● **ABOUT THIS TASK**
Print only the lines below from the one with "Часы Omega Speedmaster (10033)" to the one with "Glove box MINI", both included, exactly as they stand. Leave pictures out.
**** RECORDS FOR THE EXERCISE
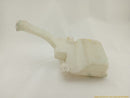 Mitsubishi Eclipse Windshield Washer Reservoir-7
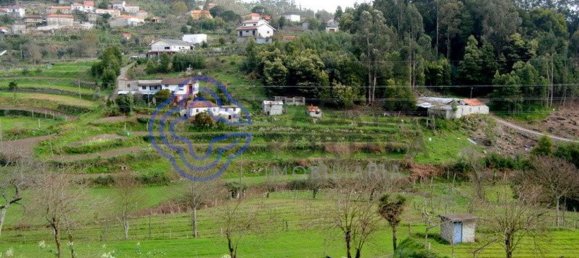 1 bedroom House in Penafiel, Portugal No. 37434 14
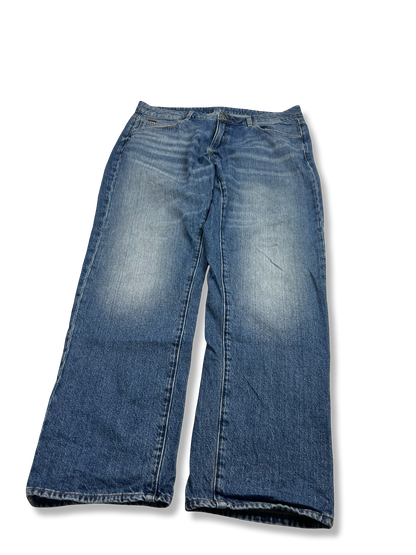 G-Star Jeans (33)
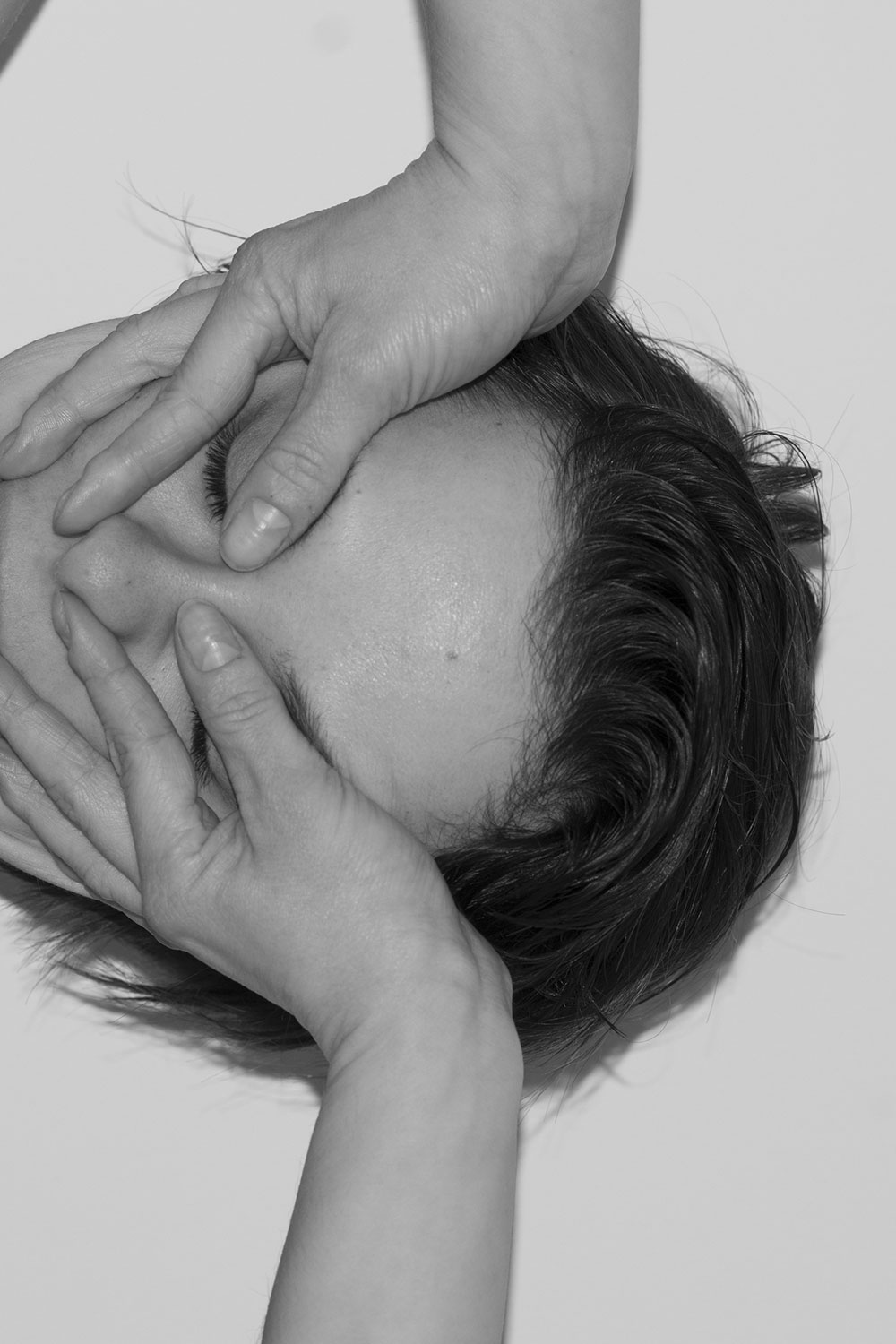 thumb image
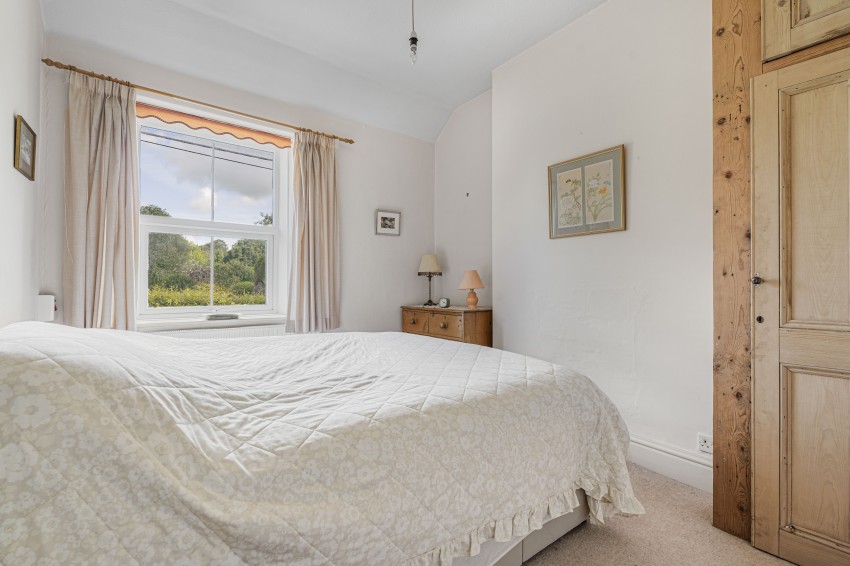 Images for Whitchurch, Tavistock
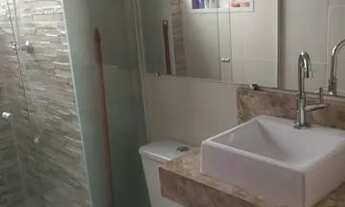 Imagem 3: Vendo apartamento cond pq da mata I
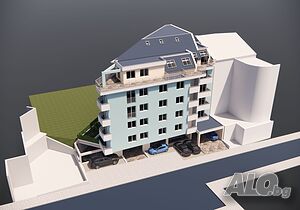 image_4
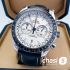 Часы Omega Speedmaster (10033)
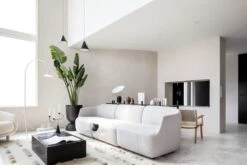 Vitra Nuage Céramique Vase, Large 11 Vitra Nuage Céramique Vase, Large -FINISH DESIGN SHOP Z7A8298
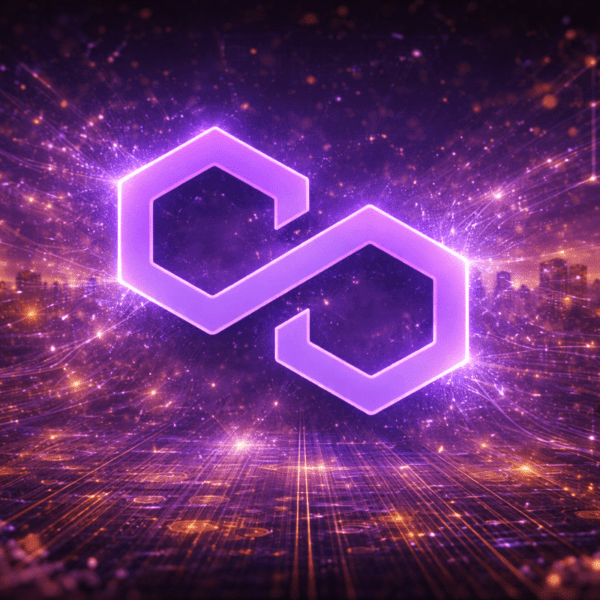 Polygon Slashes 30% Staff in Pivot to Stablecoin Payments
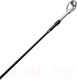 Миниатюра изображения товара Удилище Nisus Mormo Stick 602 XUL-T / N-MS-602XUL-T
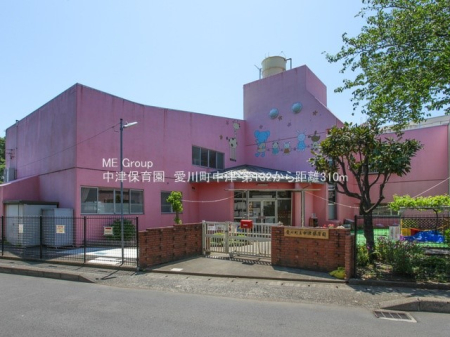 ӊ ctEۈ牀 350m Õۈ牀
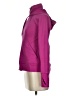 Athleta Purple Zip Up Hoodie Size XXS - photo 5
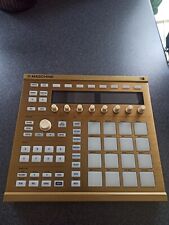 Native instruments mk2 for sale  HEMEL HEMPSTEAD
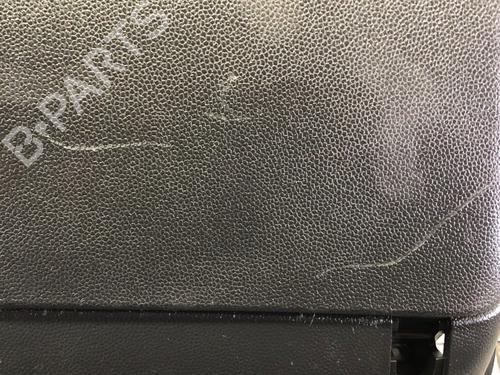 Glove box MINI MINI (F56) Cooper S | BP39280532C95 - Image 2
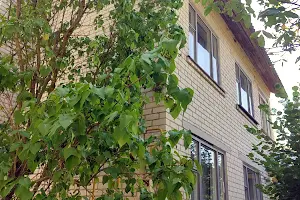 будинок за адресою Миру, 164а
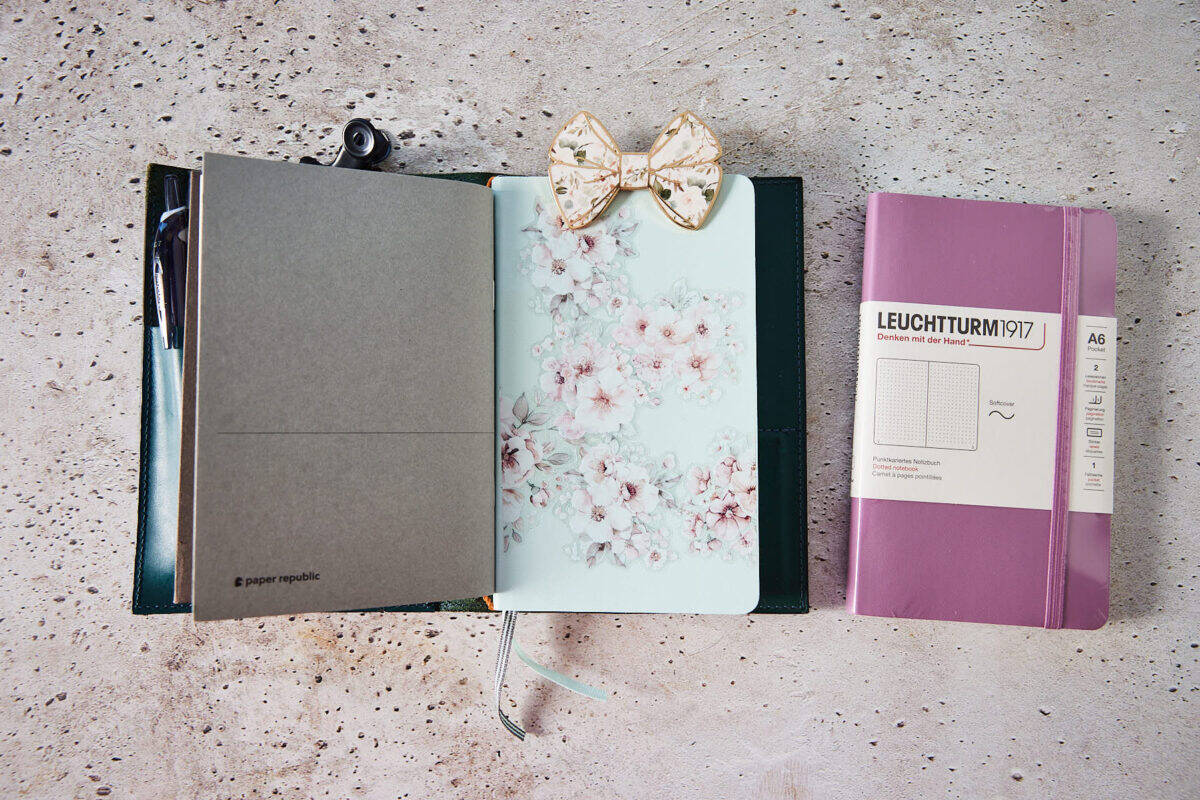 Leuchtturm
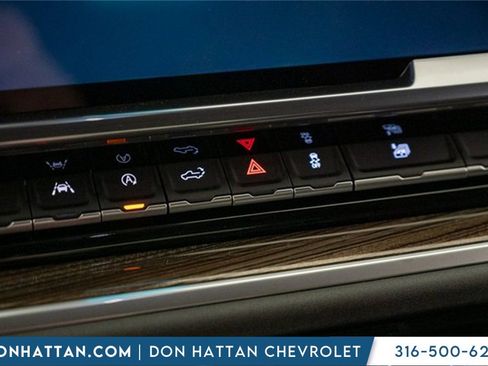 New 2026 Chevrolet Silverado 1500 LT image 13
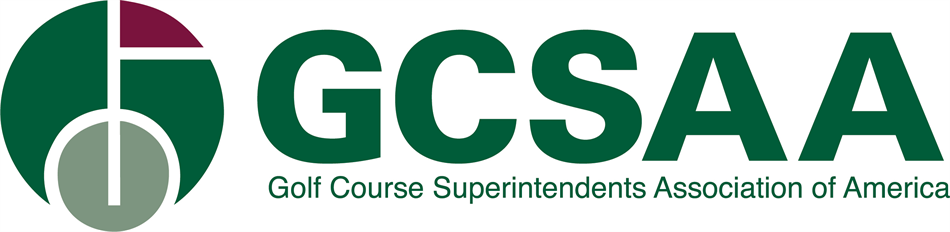 Golf Course Superintendents Association of America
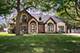 850 S 10th, La Grange, IL 60525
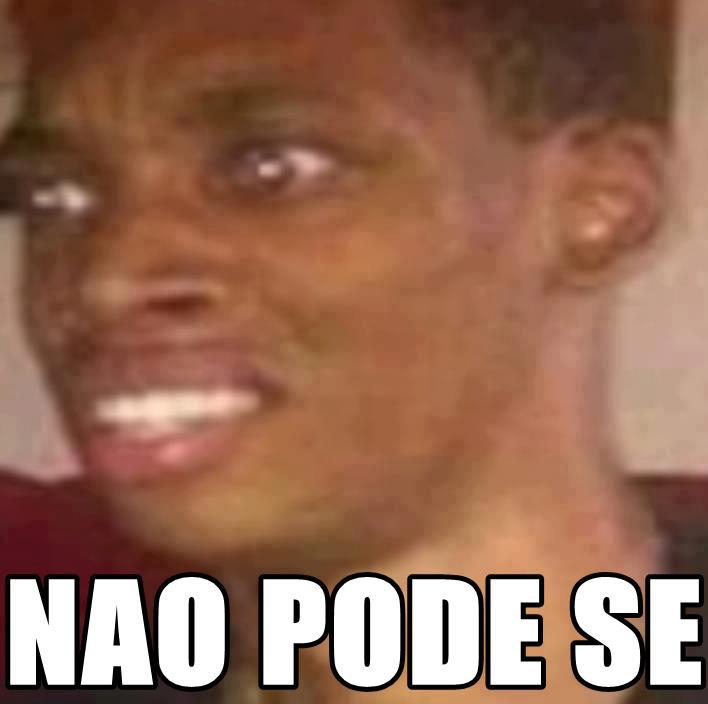 nao+pode+se.jpg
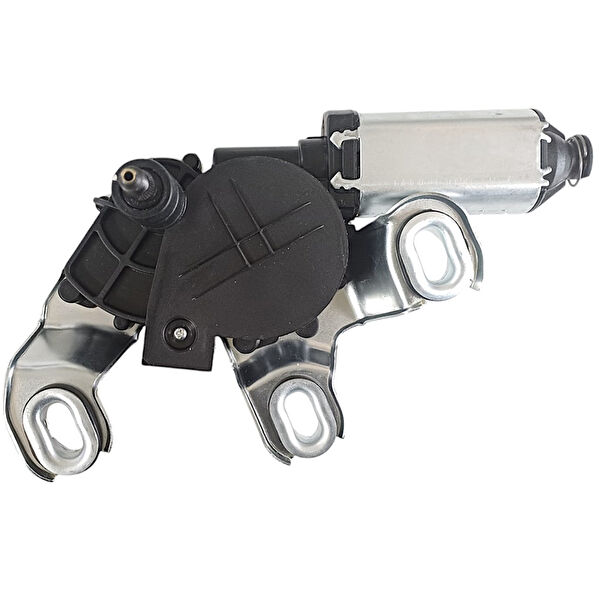 BİSRA Silecek Motoru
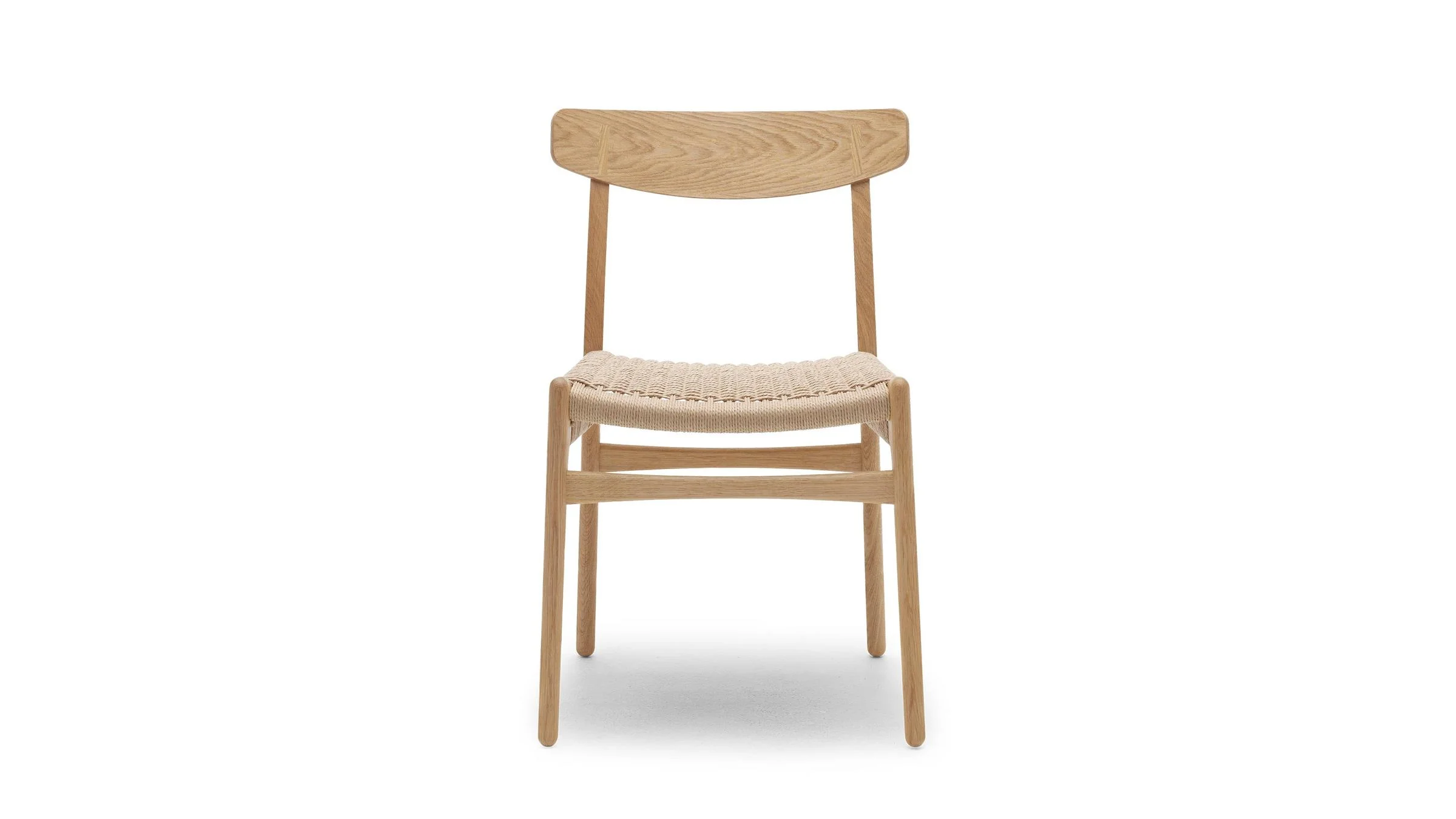 CH23 Dining Chair - Image 8
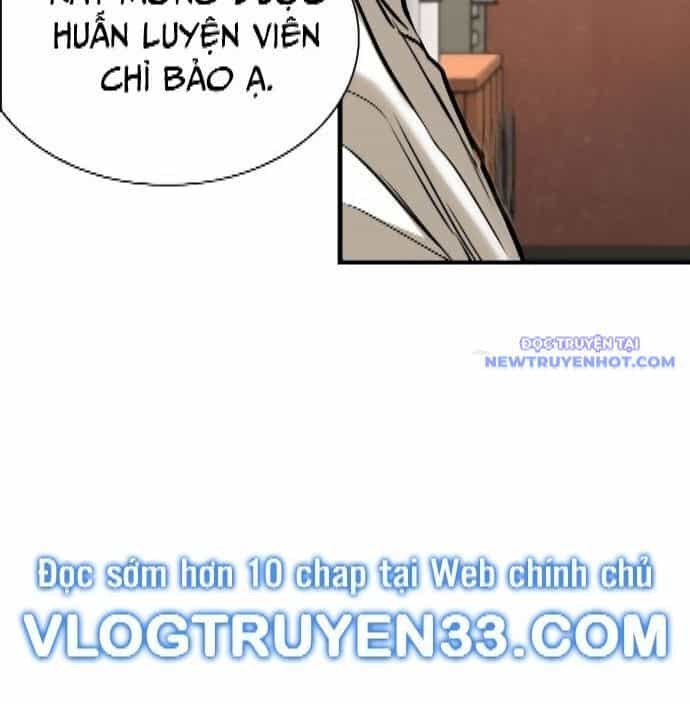 Shark - Cá Mập - Chương 299 - ảnh 111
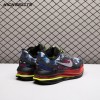 Nike Air Zoom Pegasus Premium Multi-Pixel IM6778-902 Unisex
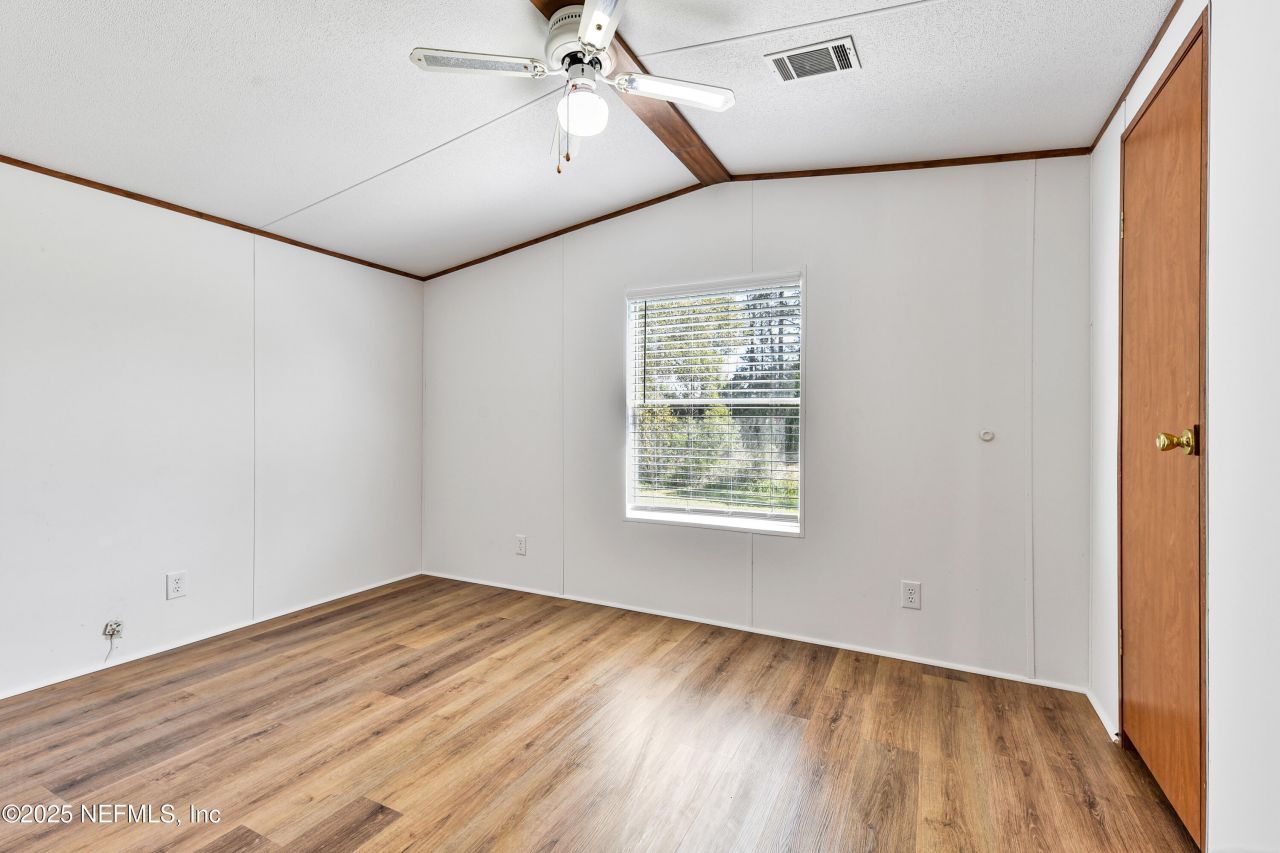 123 Mccallman Road, Jacksonville, FL 32218 Photo
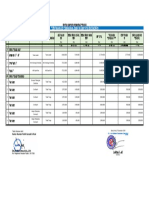 AUDITED.pdf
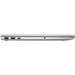 HP 15-fd1020nc i5-120U/16GB/1TB/W11 A48U6EA#BCM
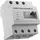 SMA HM-20 Solarstecker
********
● **WRITTEN ANSWER**
 Часы Omega Speedmaster (10033)
 Vitra Nuage Céramique Vase, Large 11 Vitra Nuage Céramique Vase, Large -FINISH DESIGN SHOP Z7A8298
 Polygon Slashes 30% Staff in Pivot to Stablecoin Payments
 Миниатюра изображения товара Удилище Nisus Mormo Stick 602 XUL-T / N-MS-602XUL-T
 ӊ ctEۈ牀 350m Õۈ牀
 Athleta Purple Zip Up Hoodie Size XXS - photo 5
 Native instruments mk2 for sale  HEMEL HEMPSTEAD
 Glove box MINI MINI (F56) Cooper S | BP39280532C95 - Image 2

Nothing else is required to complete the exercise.